Kampala, Uganda | URN | Medical teaching institutions in the country are set to conduct vaccination for all students. This follows a decision by President Yoweri Museveni to reopen medical schools after a 42-day nationwide lockdown that ended last month.
The decision was based on the need to maintain a constant flow of medical personnel to health facilities that heavily rely on intern doctors and nurses, especially at a time when the country is struggling to contain the COVID-19 pandemic.
As the learners reported to schools across the country today, administrators at the institutions intimated that due to lack of proper preparations, learners will have to be admitted all through the weekend, before the vaccination, and wait for the launch of the exercise next week.
Fatumah Nakigudde, a tutor at Kibuli Hospital Training Schools says that as the schools wait for vaccination to take place next week, they will carry out a physical assessment of all students as they report to avoid the spread of the disease.
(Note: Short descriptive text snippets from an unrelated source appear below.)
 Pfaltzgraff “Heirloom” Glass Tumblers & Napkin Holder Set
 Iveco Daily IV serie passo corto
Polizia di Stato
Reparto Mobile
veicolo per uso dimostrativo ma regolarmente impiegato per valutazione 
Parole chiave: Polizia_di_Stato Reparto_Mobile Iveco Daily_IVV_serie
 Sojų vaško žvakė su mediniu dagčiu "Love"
In addition to physical examinations, the school says they will rely on other protective measures.
Denis Bwanika, the public spokesperson at Mengo Hospital says they are going to put more emphasis on observing the Standard Operating Procedures (SOPs) as they wait for a way forward regarding vaccination.
Eva Nampiima, the principal of Mulago School of Nursing and Midwifery explains that the school has embarked on screening the students in the categories of those vaccinated, non-vaccinated and those who received a single jab so far for better arrangements with the hospital next week to vaccinate all.
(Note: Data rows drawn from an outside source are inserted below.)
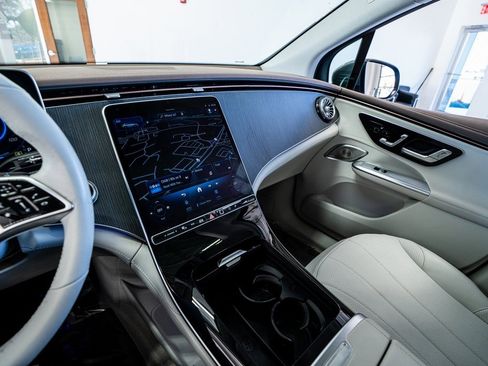 Used 2023 Mercedes-Benz EQE 350+ SUV w/ AMG Line Exterior Package image 46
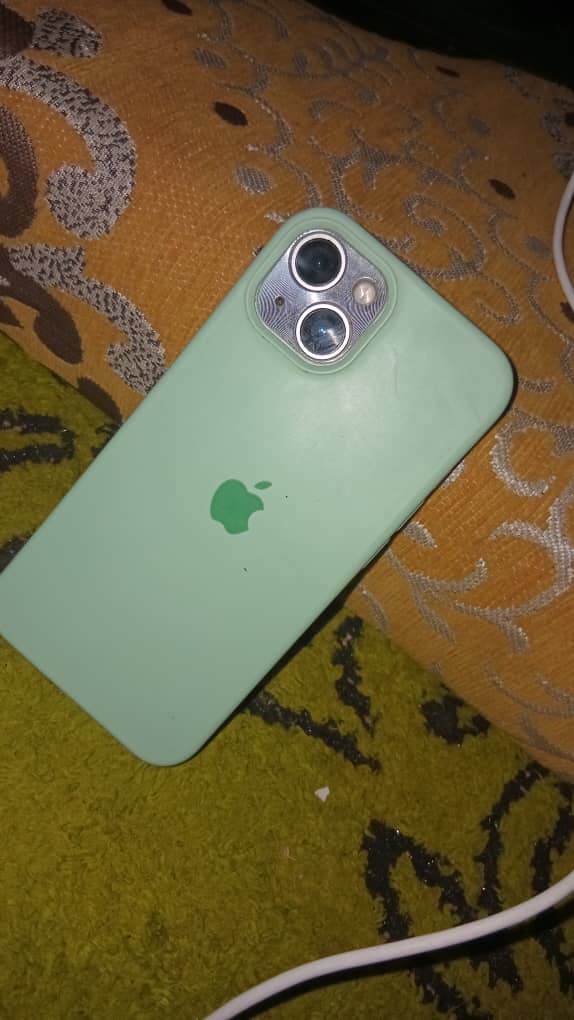 iPhone 13 en excellent état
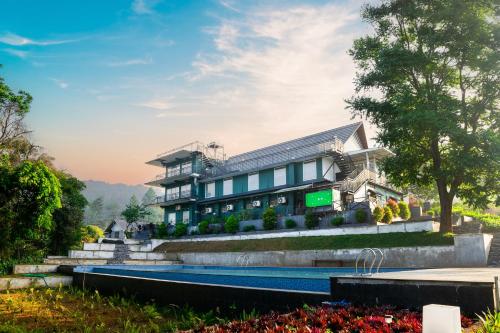 Jungle View Resort,,5 star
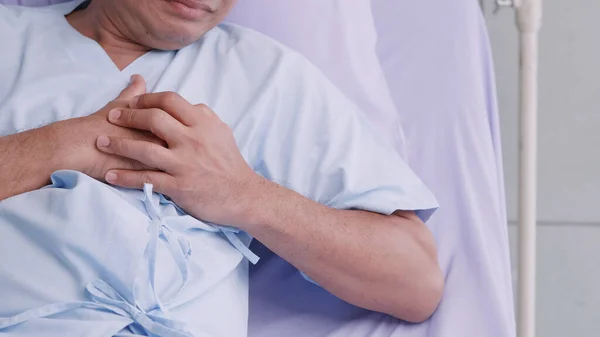 Paciente Masculino Asiático Edad Avanzada Hospitalizado Con Enfermedad Cardíaca — Foto de Stock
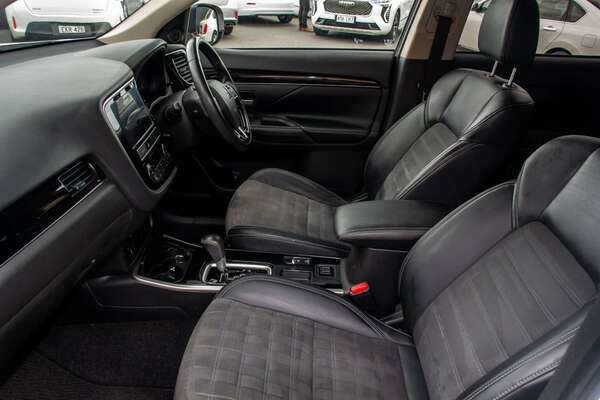 2019 Mitsubishi Outlander LS ZL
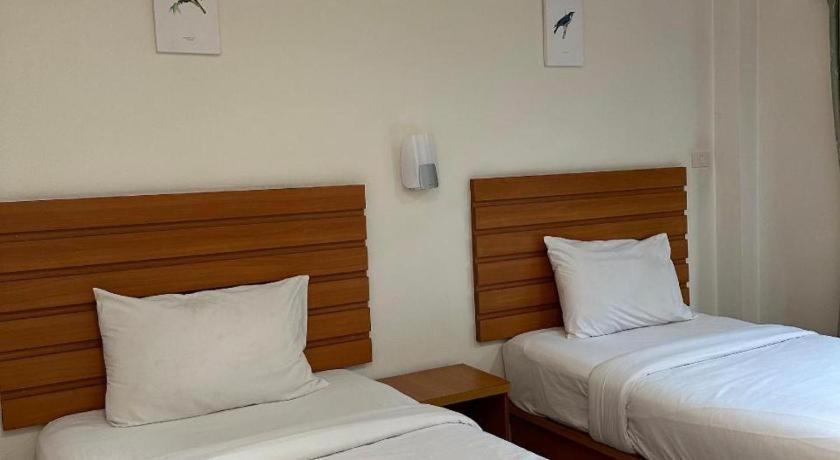 Ponburi Hotel Нан Экстерьер фото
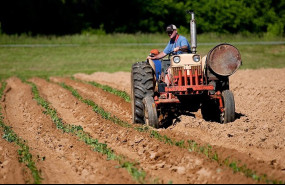 ep archivo   un agricultor en su tractor en imagen de archivo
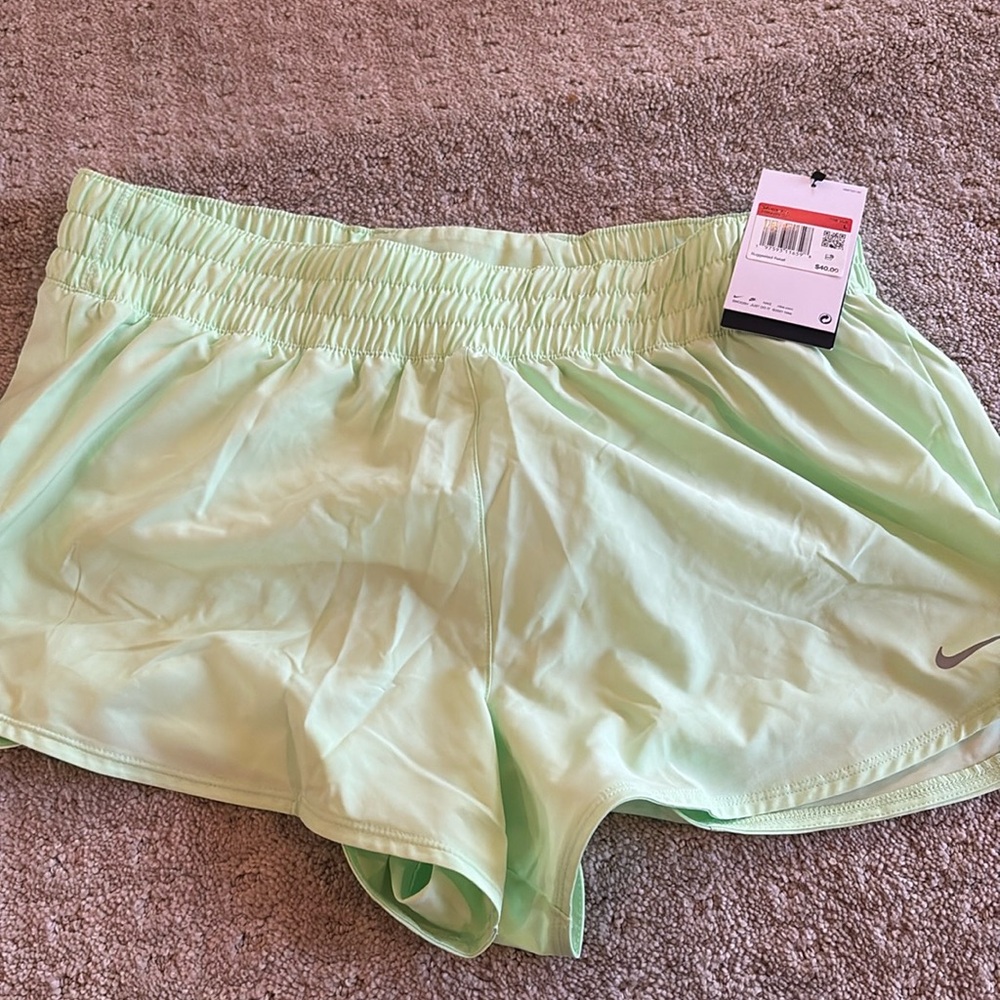 Nike running shorts NWT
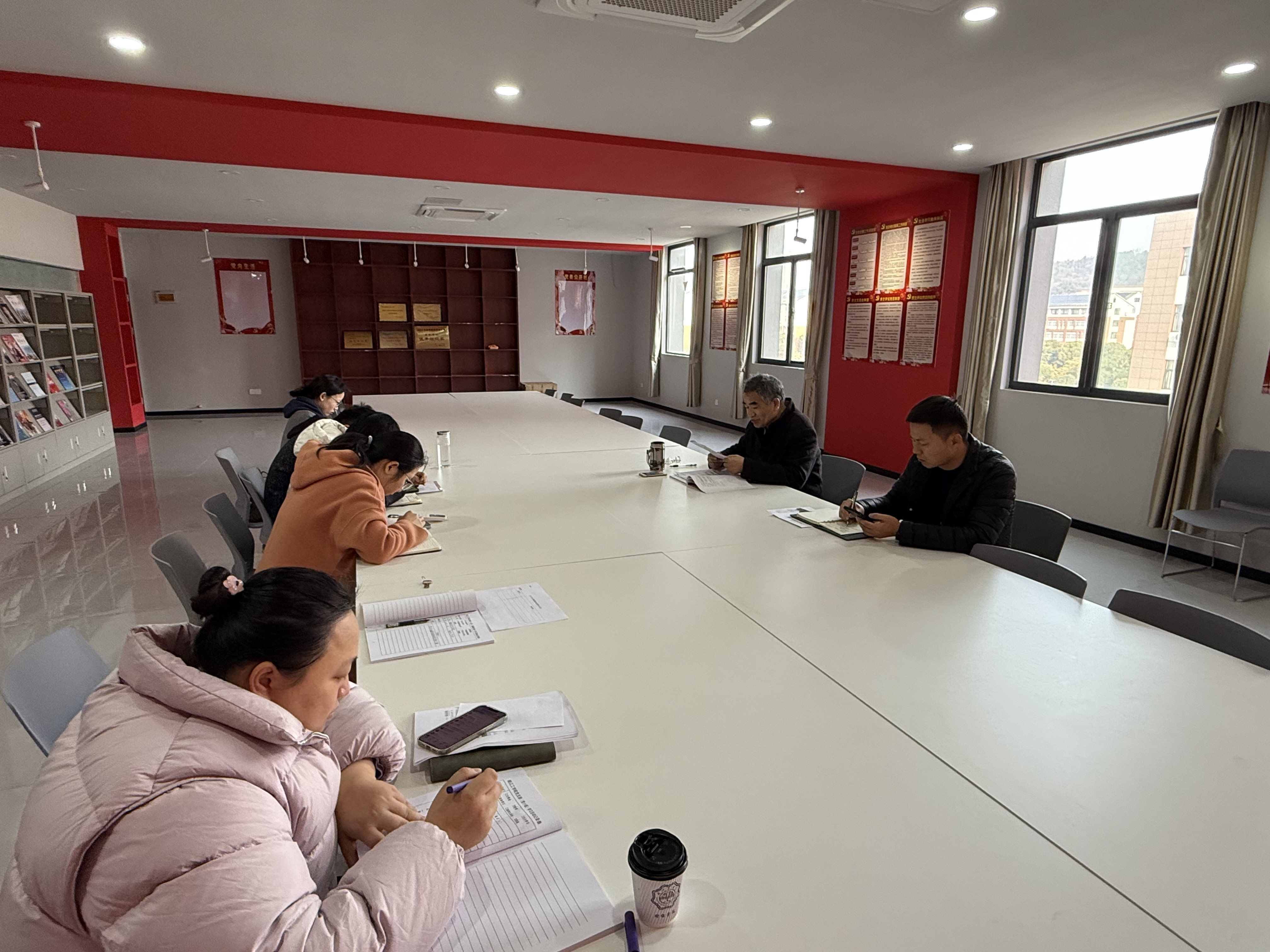 财经学院党总支召开专题会议部署党组织组织生活会和民主评议党员工作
The Programme Manager for the Uganda National Expanded Programme on Immunization, Dr Alfred Driwale says the delays in vaccinating learners is being caused by the process through which the schools can access vaccines.
According to Driwale, the health ministry does not have a special arrangement to deal with students in health training institutions. He however says they have advised leaders in these institutions to get in touch with local government authorities in their areas to organise for vaccination of the students at all medical institutions.
Driwale adds that training institutions that are located at designated vaccination centres should make internal arrangements to vaccinate the learners since they are considered health workers.
Mukono District Health Officer Steven Mulindwa says that they have received applications for special vaccination arrangements from some medical institutions. He says such institutions will be given vaccines and those that did not formally apply should encourage the students to go to the health centres and get vaccinated.
Meanwhile, the schools also want the government to also provide Personal Protective Equipment like masks, disposal aprons for students that will be carrying out clinical trials.
Mary Achuma, the principal of the Kaboong School of Nursing and Midwifery who is also the Acting President for the Uganda Health Training Institutions Principal’s Association says that the cost of PPE is usually met by the students and training hospitals. However, due to global stockouts, the price of these commodities has increased, leaving students stranded.
As principals ask the government to provide PPE, hospital administrators for the teaching hospitals are also asking schools and students to come with their own PPE. Magdalene Kokol, the Senior Nursing Principal Officer at Mbale Regional Referral Hospital says the students need to contribute PPE to supplement what is provided by the National Medical Stores (NMS).